--- START ---
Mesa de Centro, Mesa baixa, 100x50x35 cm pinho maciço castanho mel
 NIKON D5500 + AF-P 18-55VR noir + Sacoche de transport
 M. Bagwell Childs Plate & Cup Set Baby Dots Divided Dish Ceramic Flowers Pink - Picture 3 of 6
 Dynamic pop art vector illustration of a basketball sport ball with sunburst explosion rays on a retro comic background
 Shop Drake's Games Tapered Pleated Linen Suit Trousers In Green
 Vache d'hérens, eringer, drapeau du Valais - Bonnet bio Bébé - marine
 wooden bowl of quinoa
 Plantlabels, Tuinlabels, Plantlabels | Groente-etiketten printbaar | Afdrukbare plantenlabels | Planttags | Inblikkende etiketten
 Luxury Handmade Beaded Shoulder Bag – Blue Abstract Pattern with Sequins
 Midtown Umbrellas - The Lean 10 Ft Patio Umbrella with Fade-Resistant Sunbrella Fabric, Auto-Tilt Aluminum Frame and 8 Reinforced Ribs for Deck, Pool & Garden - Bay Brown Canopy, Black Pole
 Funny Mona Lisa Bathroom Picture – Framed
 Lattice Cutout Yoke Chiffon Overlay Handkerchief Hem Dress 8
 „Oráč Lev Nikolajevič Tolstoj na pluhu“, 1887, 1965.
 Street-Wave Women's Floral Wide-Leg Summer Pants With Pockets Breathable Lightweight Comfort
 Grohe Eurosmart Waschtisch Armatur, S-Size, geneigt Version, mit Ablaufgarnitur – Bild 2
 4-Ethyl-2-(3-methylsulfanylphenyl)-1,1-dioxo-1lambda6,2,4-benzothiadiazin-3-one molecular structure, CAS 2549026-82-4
--- END ---
• Work to complete:
Go through the listing above and locate each line that holds the word "Picture". Copy those lines.

• Final answer:
 M. Bagwell Childs Plate & Cup Set Baby Dots Divided Dish Ceramic Flowers Pink - Picture 3 of 6
 Funny Mona Lisa Bathroom Picture – Framed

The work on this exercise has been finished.